Work request: In the material below, find the line with "Rice Paddy Art Half day tour in Aomori - FAQ" and the line with "Plan de l'établissement". Output exactly those two lines and all lines between them, leaving out pictures.

BEGIN Data for the task

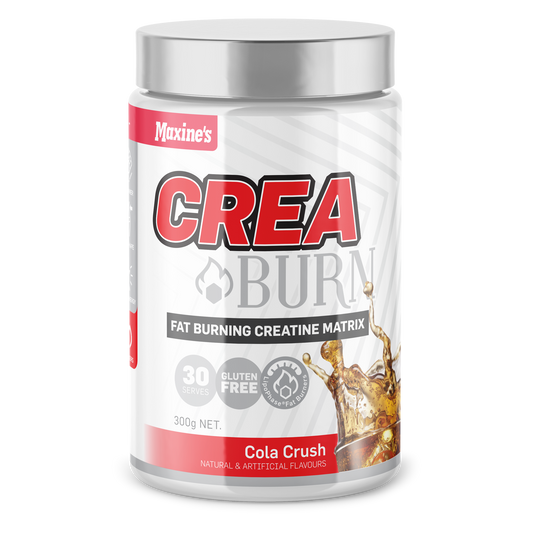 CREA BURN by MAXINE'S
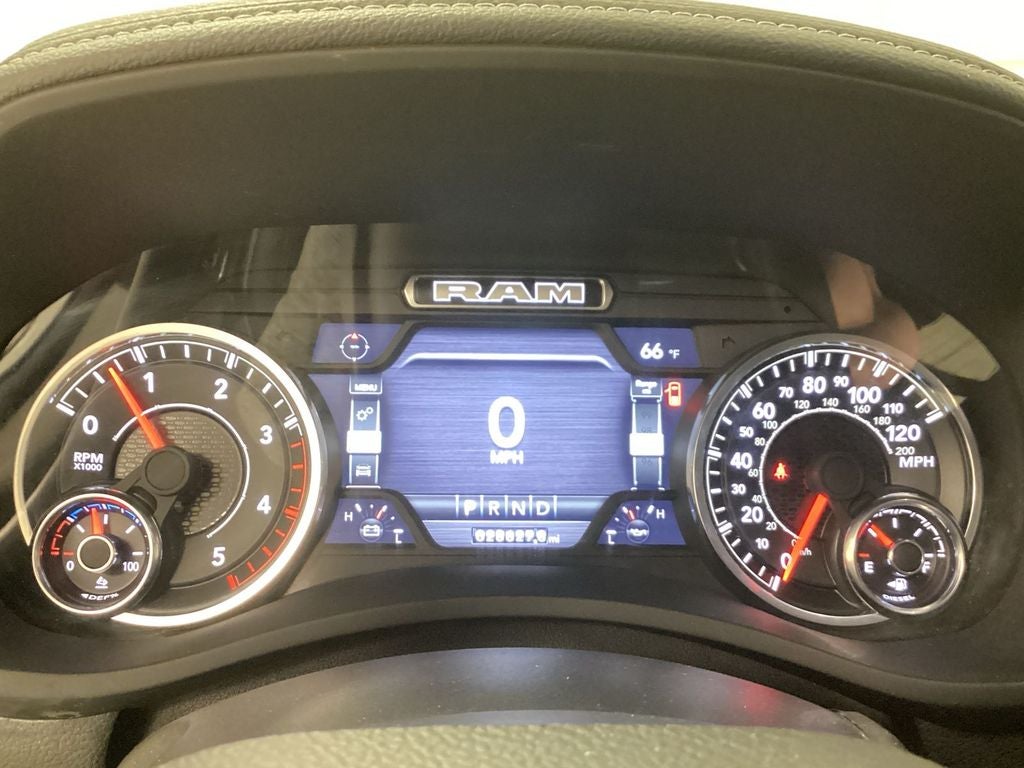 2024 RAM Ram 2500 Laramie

END Data for the task
BEGIN Data for the task

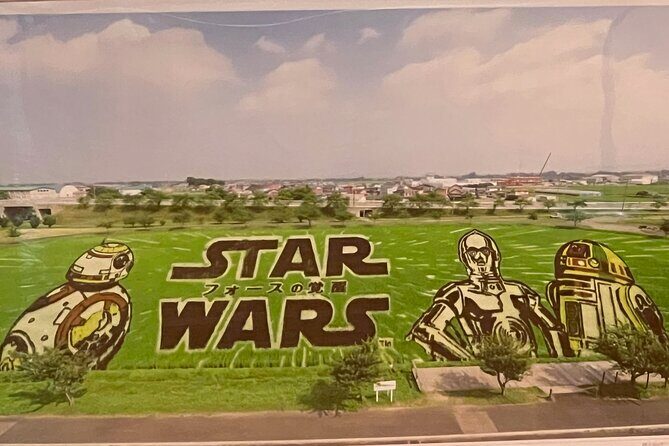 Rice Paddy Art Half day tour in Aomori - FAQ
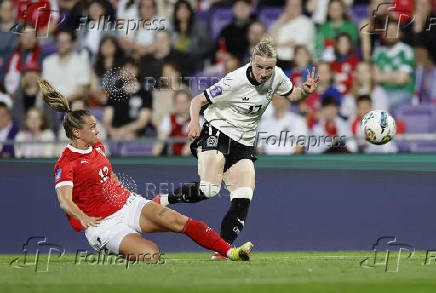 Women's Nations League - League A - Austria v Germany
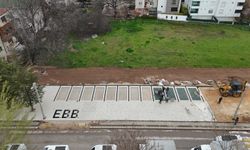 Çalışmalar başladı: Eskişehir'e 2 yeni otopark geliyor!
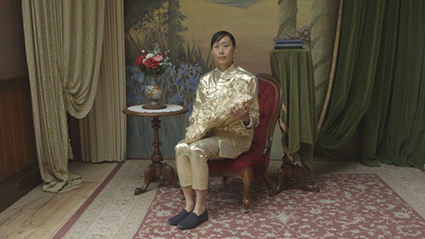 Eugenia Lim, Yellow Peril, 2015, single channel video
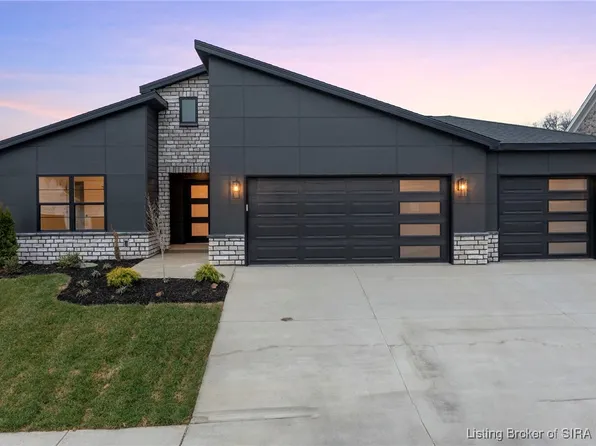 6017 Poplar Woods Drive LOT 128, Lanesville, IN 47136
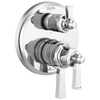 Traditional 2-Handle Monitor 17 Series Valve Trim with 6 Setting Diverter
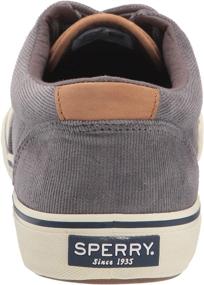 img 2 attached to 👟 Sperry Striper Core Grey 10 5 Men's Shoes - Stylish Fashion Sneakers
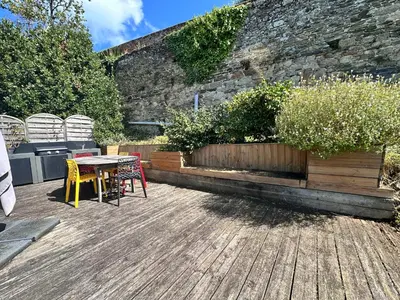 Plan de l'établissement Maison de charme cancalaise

END Data for the task

Solution to this problem:
 Rice Paddy Art Half day tour in Aomori - FAQ
 Women's Nations League - League A - Austria v Germany
 Çalışmalar başladı: Eskişehir'e 2 yeni otopark geliyor!
 Eugenia Lim, Yellow Peril, 2015, single channel video
 6017 Poplar Woods Drive LOT 128, Lanesville, IN 47136
 Traditional 2-Handle Monitor 17 Series Valve Trim with 6 Setting Diverter
 img 2 attached to 👟 Sperry Striper Core Grey 10 5 Men's Shoes - Stylish Fashion Sneakers
 Plan de l'établissement Maison de charme cancalaise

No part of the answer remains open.